It's common for golf clubs, especially drivers and fairway woods, to have their paint chipped and cracked following prolonged use. This damage does not typically affect the use of the club, but it can be an eyesore. Clubs can get damaged by coming into contact with other clubs in your bag and occasionally by mistreating them following a poor shot. The process of repairing the aesthetic damage requires a little craftsmanship.
Purchase the paint. The kind of paint used on model cars works well, though any type that is specifically designed to adhere to metal will work. Match the paint as closely as possible to the club. Bring the club with you when you buy the paint to help ensure you get a good match.
Remove dirt and grit from the club.

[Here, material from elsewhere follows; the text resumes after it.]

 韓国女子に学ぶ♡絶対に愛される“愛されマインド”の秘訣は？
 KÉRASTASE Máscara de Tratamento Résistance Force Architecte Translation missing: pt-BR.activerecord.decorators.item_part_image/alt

Clean the clubhead thoroughly with a wet rag and a few drops of dish soap. This will allow the paint to adhere to the club surface. Wipe the clubhead dry with a microfiber cloth and allow it to completely air dry for an hour.
Brush a small bit of paint on the club's chipped area with a foam brush. Unlike conventional brushes, foam brushes leave fewer brushstrokes, allowing for a smoother finish. Allow the paint to dry for the amount of time specified on the bottle.
Sand the new paint lightly with a piece of fine-grit sandpaper, if required. Wipe the sanding dust off the club and apply a second coat of paint and allow it to dry.
Buff the painted area with wax paste and a clean cloth. Vigorous buffing helps bring the paint to a shine to match the rest of the club.